▶ [EXERCISE REQUIREMENTS] Restrict the output to the lines below starting at the one that contains "Nintendo New 3DS" and ending at the one that contains "SsangYong Tivoli Gasoline", and restate them word for word, both ends included.

(Dataset items)
⁂

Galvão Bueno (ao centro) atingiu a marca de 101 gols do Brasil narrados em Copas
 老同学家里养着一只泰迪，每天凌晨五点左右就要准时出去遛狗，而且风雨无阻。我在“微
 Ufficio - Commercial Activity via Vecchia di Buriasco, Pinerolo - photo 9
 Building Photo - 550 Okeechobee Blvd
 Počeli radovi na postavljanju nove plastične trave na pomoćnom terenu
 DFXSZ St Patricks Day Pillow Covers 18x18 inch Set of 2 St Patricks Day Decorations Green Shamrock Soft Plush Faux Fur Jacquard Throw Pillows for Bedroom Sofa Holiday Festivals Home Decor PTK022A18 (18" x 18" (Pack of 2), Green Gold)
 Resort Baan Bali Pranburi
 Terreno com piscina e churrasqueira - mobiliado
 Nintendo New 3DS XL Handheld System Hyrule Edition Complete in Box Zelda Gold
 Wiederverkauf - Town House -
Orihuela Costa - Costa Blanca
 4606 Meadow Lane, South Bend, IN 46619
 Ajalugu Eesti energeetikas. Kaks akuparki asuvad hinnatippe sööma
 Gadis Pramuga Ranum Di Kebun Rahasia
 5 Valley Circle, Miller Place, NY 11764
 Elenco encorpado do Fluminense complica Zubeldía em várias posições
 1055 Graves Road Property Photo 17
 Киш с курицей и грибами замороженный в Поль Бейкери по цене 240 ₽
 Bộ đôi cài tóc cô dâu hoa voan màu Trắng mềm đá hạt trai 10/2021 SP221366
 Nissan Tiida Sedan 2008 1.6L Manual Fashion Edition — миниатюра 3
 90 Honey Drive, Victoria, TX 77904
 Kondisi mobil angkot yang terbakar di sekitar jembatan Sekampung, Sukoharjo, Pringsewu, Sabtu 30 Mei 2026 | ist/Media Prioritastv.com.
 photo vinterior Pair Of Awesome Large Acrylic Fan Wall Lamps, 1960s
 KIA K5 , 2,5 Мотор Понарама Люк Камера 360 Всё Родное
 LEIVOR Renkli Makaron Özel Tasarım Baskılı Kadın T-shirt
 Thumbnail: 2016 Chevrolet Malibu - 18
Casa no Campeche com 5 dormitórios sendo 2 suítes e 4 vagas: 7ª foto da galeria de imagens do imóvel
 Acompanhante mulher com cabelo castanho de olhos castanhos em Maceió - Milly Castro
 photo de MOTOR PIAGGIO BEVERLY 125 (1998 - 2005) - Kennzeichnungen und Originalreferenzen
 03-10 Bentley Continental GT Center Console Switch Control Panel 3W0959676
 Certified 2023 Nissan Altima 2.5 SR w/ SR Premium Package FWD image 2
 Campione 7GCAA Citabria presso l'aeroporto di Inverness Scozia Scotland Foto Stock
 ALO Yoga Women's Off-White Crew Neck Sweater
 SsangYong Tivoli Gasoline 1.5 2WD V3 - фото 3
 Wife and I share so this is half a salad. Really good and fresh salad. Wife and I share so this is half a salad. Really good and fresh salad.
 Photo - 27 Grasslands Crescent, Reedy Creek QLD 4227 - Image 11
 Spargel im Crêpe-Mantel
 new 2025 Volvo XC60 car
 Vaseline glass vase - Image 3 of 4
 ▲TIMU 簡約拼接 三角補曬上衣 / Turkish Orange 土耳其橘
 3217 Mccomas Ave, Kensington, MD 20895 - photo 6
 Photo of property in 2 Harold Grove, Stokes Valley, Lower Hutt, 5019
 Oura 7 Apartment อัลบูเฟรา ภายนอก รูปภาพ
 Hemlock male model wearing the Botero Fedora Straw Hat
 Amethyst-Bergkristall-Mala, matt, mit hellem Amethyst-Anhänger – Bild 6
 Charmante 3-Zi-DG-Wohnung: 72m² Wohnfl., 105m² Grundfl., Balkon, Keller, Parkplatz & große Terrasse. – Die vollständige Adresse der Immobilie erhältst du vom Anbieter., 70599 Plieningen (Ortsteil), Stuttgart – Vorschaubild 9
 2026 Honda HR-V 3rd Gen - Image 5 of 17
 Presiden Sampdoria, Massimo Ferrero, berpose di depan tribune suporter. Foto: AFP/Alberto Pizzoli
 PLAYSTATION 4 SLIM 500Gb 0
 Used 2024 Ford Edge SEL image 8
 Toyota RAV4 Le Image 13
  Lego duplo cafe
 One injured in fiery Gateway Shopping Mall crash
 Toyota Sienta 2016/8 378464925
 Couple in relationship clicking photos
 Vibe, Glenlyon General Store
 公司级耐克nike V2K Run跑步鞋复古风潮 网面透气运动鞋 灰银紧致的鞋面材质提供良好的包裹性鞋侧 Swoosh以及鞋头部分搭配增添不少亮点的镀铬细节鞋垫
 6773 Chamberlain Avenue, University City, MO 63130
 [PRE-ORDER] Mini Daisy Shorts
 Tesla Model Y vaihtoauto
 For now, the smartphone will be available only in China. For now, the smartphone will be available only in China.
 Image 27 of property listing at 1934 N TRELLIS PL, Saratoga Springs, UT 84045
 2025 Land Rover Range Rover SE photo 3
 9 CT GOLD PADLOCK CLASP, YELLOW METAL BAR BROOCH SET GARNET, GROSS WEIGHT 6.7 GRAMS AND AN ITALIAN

⁂

▶ [YOUR RESPONSE]
 Nintendo New 3DS XL Handheld System Hyrule Edition Complete in Box Zelda Gold
 Wiederverkauf - Town House -
Orihuela Costa - Costa Blanca
 4606 Meadow Lane, South Bend, IN 46619
 Ajalugu Eesti energeetikas. Kaks akuparki asuvad hinnatippe sööma
 Gadis Pramuga Ranum Di Kebun Rahasia
 5 Valley Circle, Miller Place, NY 11764
 Elenco encorpado do Fluminense complica Zubeldía em várias posições
 1055 Graves Road Property Photo 17
 Киш с курицей и грибами замороженный в Поль Бейкери по цене 240 ₽
 Bộ đôi cài tóc cô dâu hoa voan màu Trắng mềm đá hạt trai 10/2021 SP221366
 Nissan Tiida Sedan 2008 1.6L Manual Fashion Edition — миниатюра 3
 90 Honey Drive, Victoria, TX 77904
 Kondisi mobil angkot yang terbakar di sekitar jembatan Sekampung, Sukoharjo, Pringsewu, Sabtu 30 Mei 2026 | ist/Media Prioritastv.com.
 photo vinterior Pair Of Awesome Large Acrylic Fan Wall Lamps, 1960s
 KIA K5 , 2,5 Мотор Понарама Люк Камера 360 Всё Родное
 LEIVOR Renkli Makaron Özel Tasarım Baskılı Kadın T-shirt
 Thumbnail: 2016 Chevrolet Malibu - 18
Casa no Campeche com 5 dormitórios sendo 2 suítes e 4 vagas: 7ª foto da galeria de imagens do imóvel
 Acompanhante mulher com cabelo castanho de olhos castanhos em Maceió - Milly Castro
 photo de MOTOR PIAGGIO BEVERLY 125 (1998 - 2005) - Kennzeichnungen und Originalreferenzen
 03-10 Bentley Continental GT Center Console Switch Control Panel 3W0959676
 Certified 2023 Nissan Altima 2.5 SR w/ SR Premium Package FWD image 2
 Campione 7GCAA Citabria presso l'aeroporto di Inverness Scozia Scotland Foto Stock
 ALO Yoga Women's Off-White Crew Neck Sweater
 SsangYong Tivoli Gasoline 1.5 2WD V3 - фото 3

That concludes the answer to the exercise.